**To do**
Every line below from the one with "Настенная акустика JBL" through the one with "A4 Butterfly Quilling" is to be repeated exactly, with no picture among them.

**Recorded information**
_ _ _ _ _ _ _
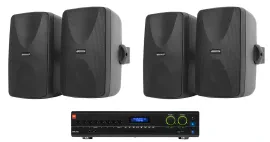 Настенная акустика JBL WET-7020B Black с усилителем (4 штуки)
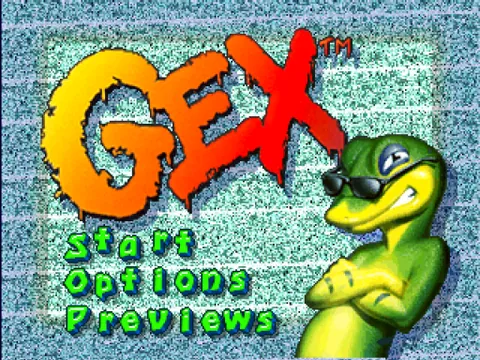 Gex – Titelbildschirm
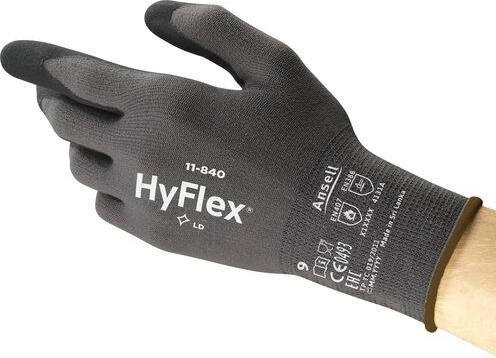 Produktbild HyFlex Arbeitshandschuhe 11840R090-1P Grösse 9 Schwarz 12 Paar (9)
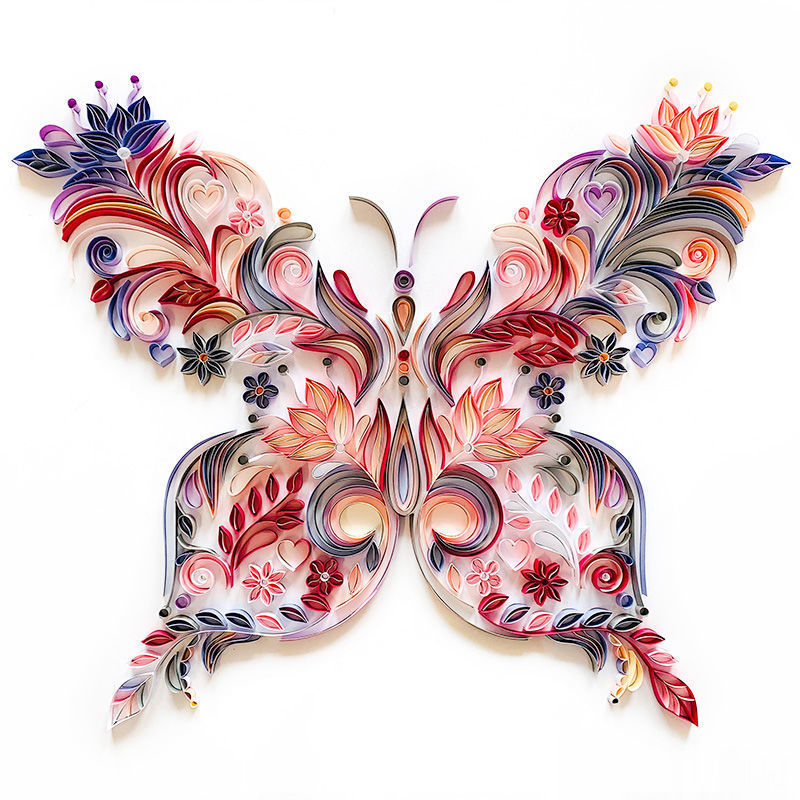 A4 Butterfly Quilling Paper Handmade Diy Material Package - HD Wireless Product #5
_ _ _ _ _ _ _
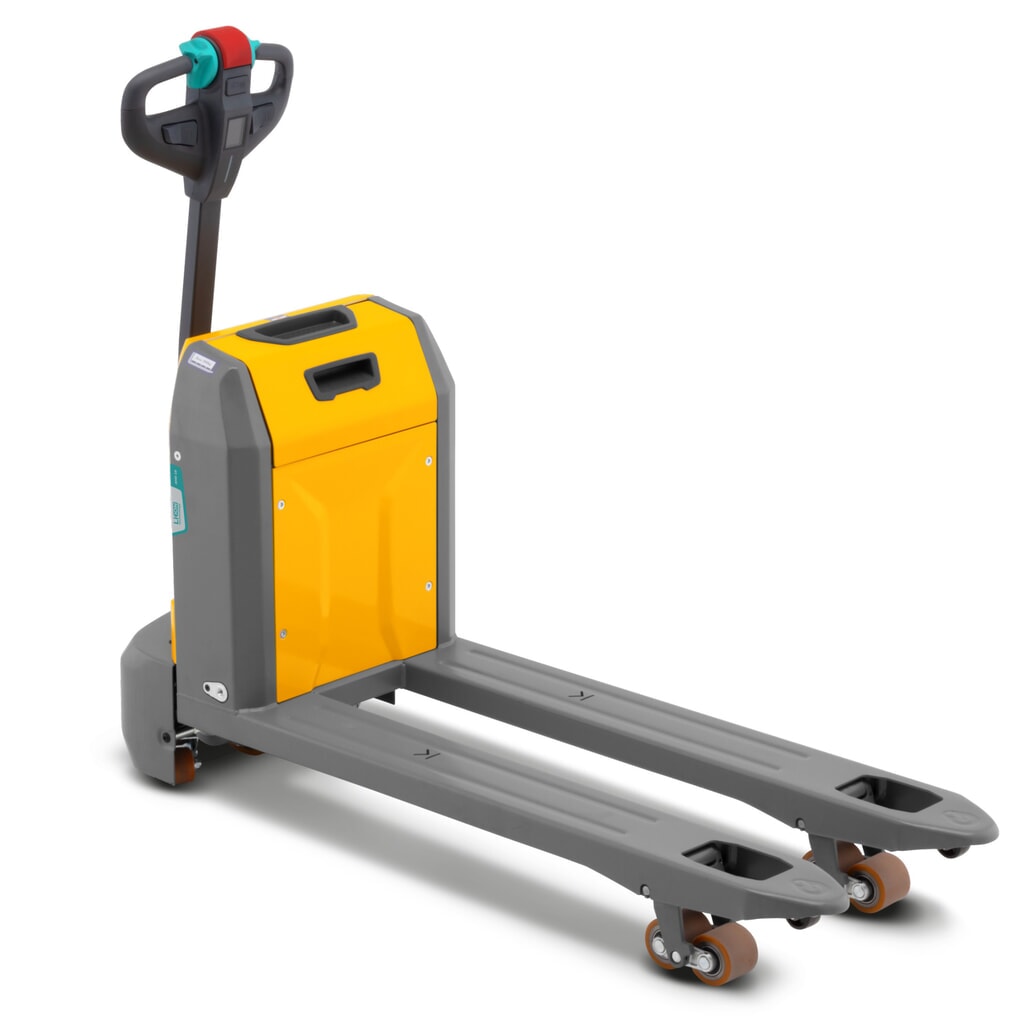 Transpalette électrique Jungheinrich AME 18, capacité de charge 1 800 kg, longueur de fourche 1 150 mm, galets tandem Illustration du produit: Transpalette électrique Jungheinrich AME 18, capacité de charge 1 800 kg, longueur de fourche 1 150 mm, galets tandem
_ _ _ _ _ _ _
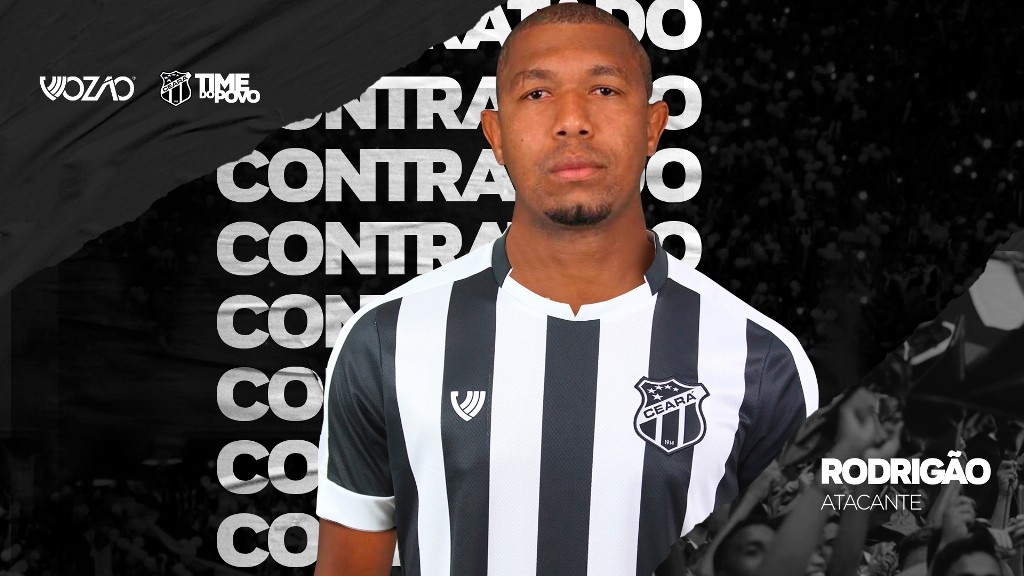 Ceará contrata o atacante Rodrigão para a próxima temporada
_ _ _ _ _ _ _
**Response to the task**
 Настенная акустика JBL WET-7020B Black с усилителем (4 штуки)
 Gex – Titelbildschirm
 Produktbild HyFlex Arbeitshandschuhe 11840R090-1P Grösse 9 Schwarz 12 Paar (9)
 A4 Butterfly Quilling Paper Handmade Diy Material Package - HD Wireless Product #5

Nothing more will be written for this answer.